08/06/2020 - 12:59
Foi com entusiasmo que se anunciou em setembro de 2015 a descoberta de água salgada em Marte. A simples presença desse elemento permite considerar possível a existência de vida no planeta vermelho e faz crescer a esperança de um dia a raça humana habitar outros mundos. Mas o mesmo entusiasmo não se viu em relação a outras descobertas feitas, no mesmo mês, sobre as águas salgadas do planeta onde habitamos.
Planeta que bem poderia ser chamado Água, por ter dois terços da sua superfície coberta por essa substância em estado líquido, que dita a sorte da vida. Nos últimos 40 anos, a ação da chamada vida inteligente na Terra reduziu em 50% a biodiversidade marinha, segundo o estudo Living Blue Planet Report (“Relatório Planeta Azul Vivo”, em tradução livre), divulgado pela ONG internacional WWF.
Os dados espantam. A fauna marinha encolheu 50% entre 1970 e 2012. Já a flora de recifes de coral, manguezais e algas marinhas, que garantem alimento a mais de um terço dos peixes monitorados, diminuiu 34% de 1970 a 2010. A análise envolveu um conjunto de dados quase duas vezes maior que estudos anteriores; foram pesquisadas 5.829 populações de 1.234 espécies.
Um mergulho profundo na situação atual dos oceanos lista cinco fatores como causas principais dessa devastação: aumento da temperatura, acidificação, contaminação, lixo e pesca. Dois desses problemas têm a mesma origem, as elevadas emissões de CO2. Quanto maior a concentração desse gás na atmosfera, maior é sua diluição nos mares, que captam na atmosfera mais CO2 do que produzem.
Calcula-se que os oceanos têm absorvido cerca de 30% das emissões de CO2 geradas pelo ser humano. A questão é que a quantidade desse gás na água influi no seu pH: quanto mais CO2, mais ácido o meio fica. Assim como os seres terrestres são afetados pela má qualidade do ar, as altas taxas de CO2 na água e a consequente acidificação fazem os animais marinhos sofrer. A ação do dióxido de carbono, porém, não se limita à sua influência direta na qualidade da água.
O aquecimento da Terra, gerado pelo acúmulo de CO2 e outros gases-estufa na atmosfera, causa ainda o aumento da temperatura e do volume dos oceanos. Os moradores de áreas costeiras são empurrados continente adentro pelos riscos da elevação do nível do mar, que subiu 8 cm desde 1992. Enquanto isso, outra migração acontece nas águas: as espécies marinhas mudam em busca de lugares que reproduzam as condições de vida que costumavam ter.
Migração forçada
Foi assim com as lagostas do sul da Nova Inglaterra, na costa nordeste dos Estados Unidos: estressadas pela alta temperatura da água, elas abandonaram a área, deixando muitos pescadores fora do mercado, e começaram a procriar no litoral do Maine, mais ao norte. Como essa, várias outras espécies estão se afastando da linha do equador rumo aos polos, a uma velocidade média de 7 km/ano – ritmo dez vezes maior do que o apresentado pelas espécies terrestres. Sem poderem se movimentar, os corais já não contam com essa opção e podem ser extintos até 2050, segundo o World Resources Institute.
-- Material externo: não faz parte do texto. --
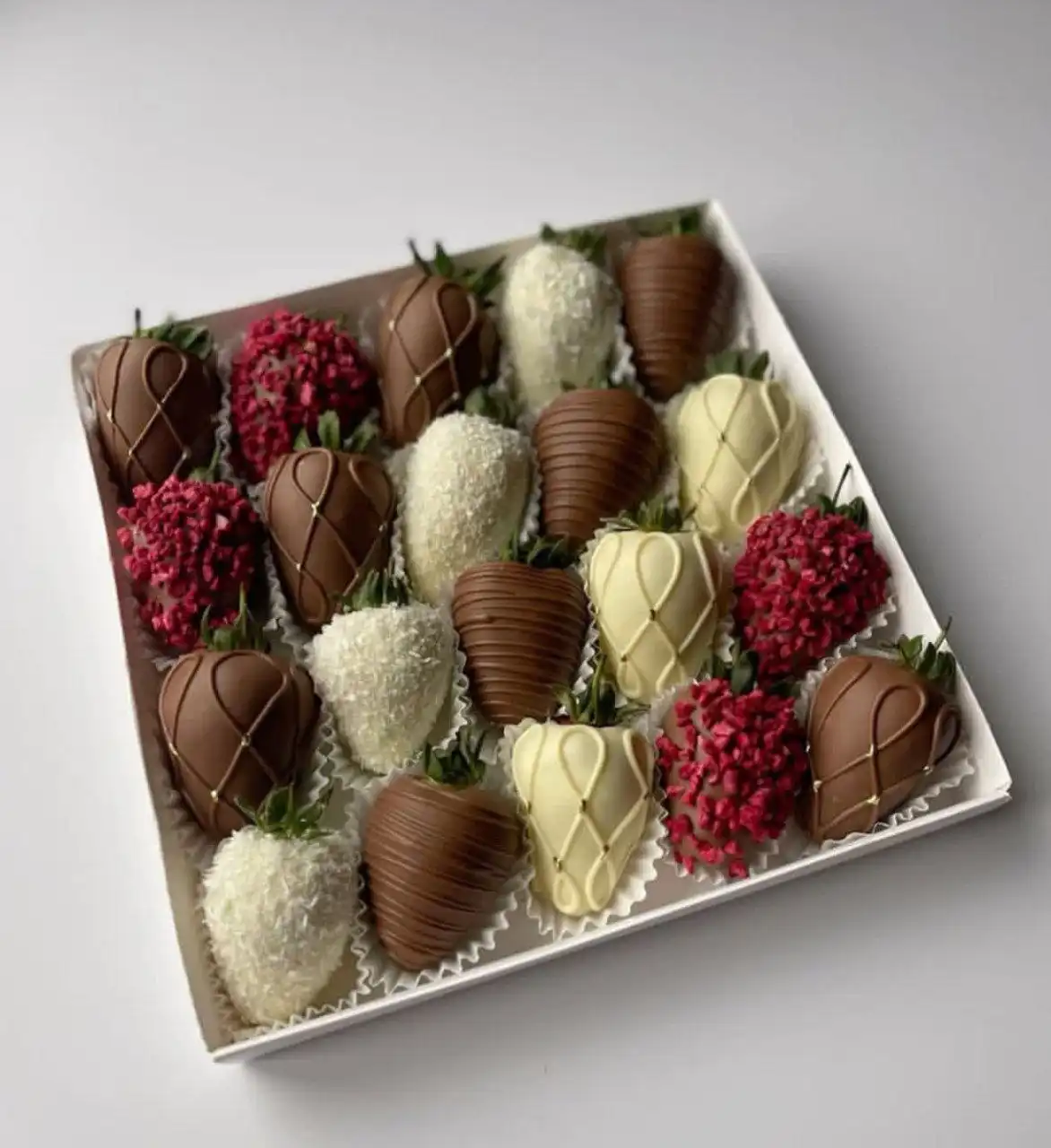 Наборы клубники и бананов в шоколаде с доставкой в Краснодаре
Muitas espécies de peixe importantíssimas para a segurança alimentar da humanidade, que teriam mais chances de readaptação e sobrevivência, como as lagostas, estão sob risco de colapso por ter de enfrentar também práticas predatórias como a sobrepesca. “Hoje, 90% dos estoques pesqueiros já estão sendo explorados além dos seus limites de reposição. Estamos acelerando um processo de extinção em massa. E o que são 25 ou 50 anos para os tempos da Terra? É amanhã”, reforça Anna Carolina Lobo, coordenadora do Programa Marinho e Mata Atlântica da WWF.
Para completar o quadro, somam-se o acúmulo de lixo como o plástico, a poluição local e a contaminação por agrotóxicos utilizados na agricultura, que escoam para os mares. Assim, esse caldo vai esquentando, matando espécies aquáticas e terrestres, inclusive os humanos. Mesmo depois de descamado, lavado e cozinhado, o pescado chega à mesa carregado de poluentes dissolvidos na água, os quais não afetam a saúde do peixe, mas podem ser fatais para o nosso organismo (leia reportagem AQUI).
“O lixo que a gente joga volta pra gente mesmo. Não existia essa consciência antes, e ainda hoje ela é pouco disseminada”, resume Tatiana Neves, coordenadora geral do Projeto Albatroz. Os albatrozes e petréis, pássaros que são foco desse instituto, formam o grupo mais ameaçado do planeta – das 22 espécies de albatrozes existentes, 17 delas estão ameaçadas de extinção em algum grau, de acordo com a União Internacional pela Conservação da Natureza (IUCN, na sigla em inglês). Se as aves marinhas são fortes indicadores da saúde desse ecossistema, é possível deduzir a situação já é limite.
Mas o caldo não precisa entornar. Outro estudo, divulgado pela WWF este ano, provou que cada dólar investido na criação de áreas marinhas protegidas pode render o triplo na forma de benefícios, entre 2015 e 2050, de empregos, proteção de litorais e produção pesqueira. O desafio será conseguir priorizar a sustentabilidade, a conservação e a recuperação dos recursos marinhos, aliados ao consumo mais inteligente e responsável.